> _DESCRIPTION OF THE TASK_
Every line of the material must be restated exactly, though not its pictures.

===== DATA

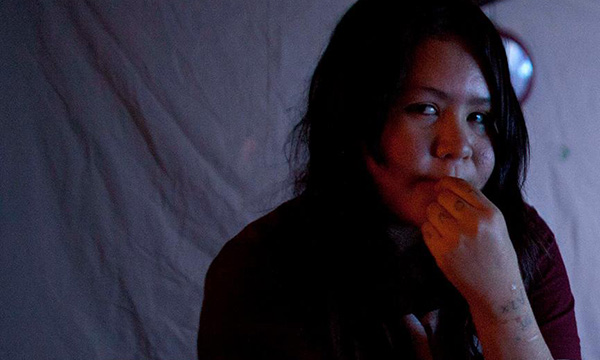 An Indigenous youth holds their hand to their mouth, looking across the room.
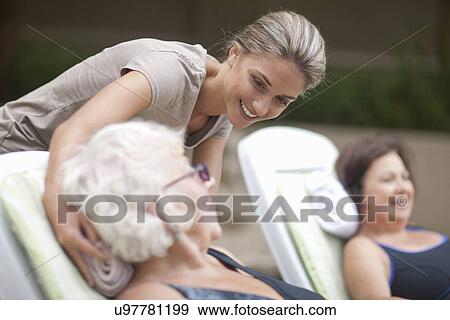 Stock Photo - Senior women relaxing on loungers in retirement villa garden. Fotosearch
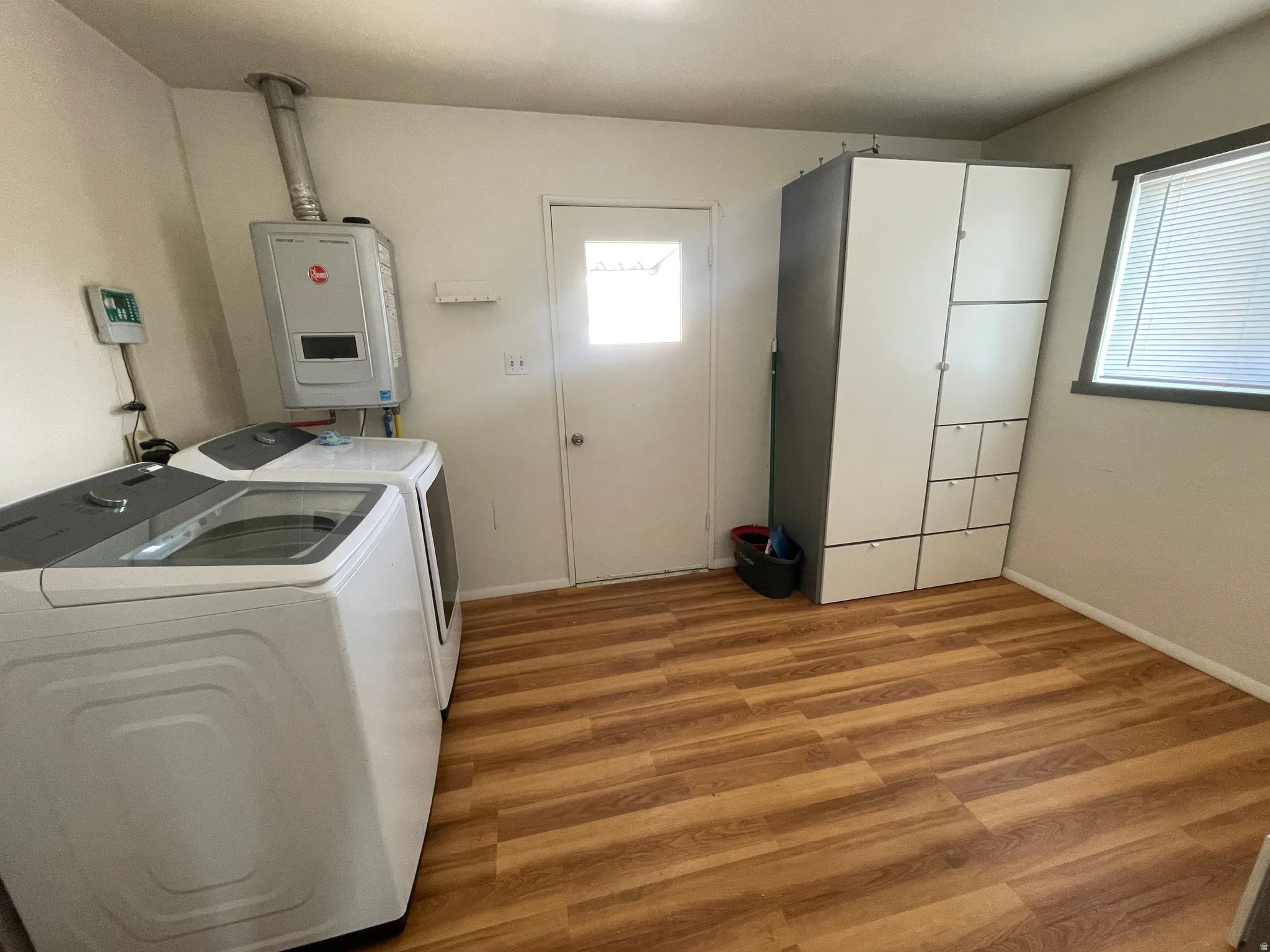 Utility room featuring wood-finish flooring, a contemporary water heater, and built-in storage cabinetry
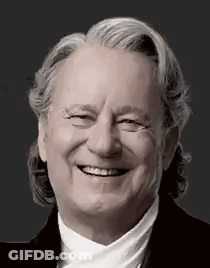 Black And White Photo Of Smiling Man With Gray Hair GIF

==========

> _PROBLEM SOLUTION_
 An Indigenous youth holds their hand to their mouth, looking across the room.
 Stock Photo - Senior women relaxing on loungers in retirement villa garden. Fotosearch
 Utility room featuring wood-finish flooring, a contemporary water heater, and built-in storage cabinetry
 Black And White Photo Of Smiling Man With Gray Hair GIF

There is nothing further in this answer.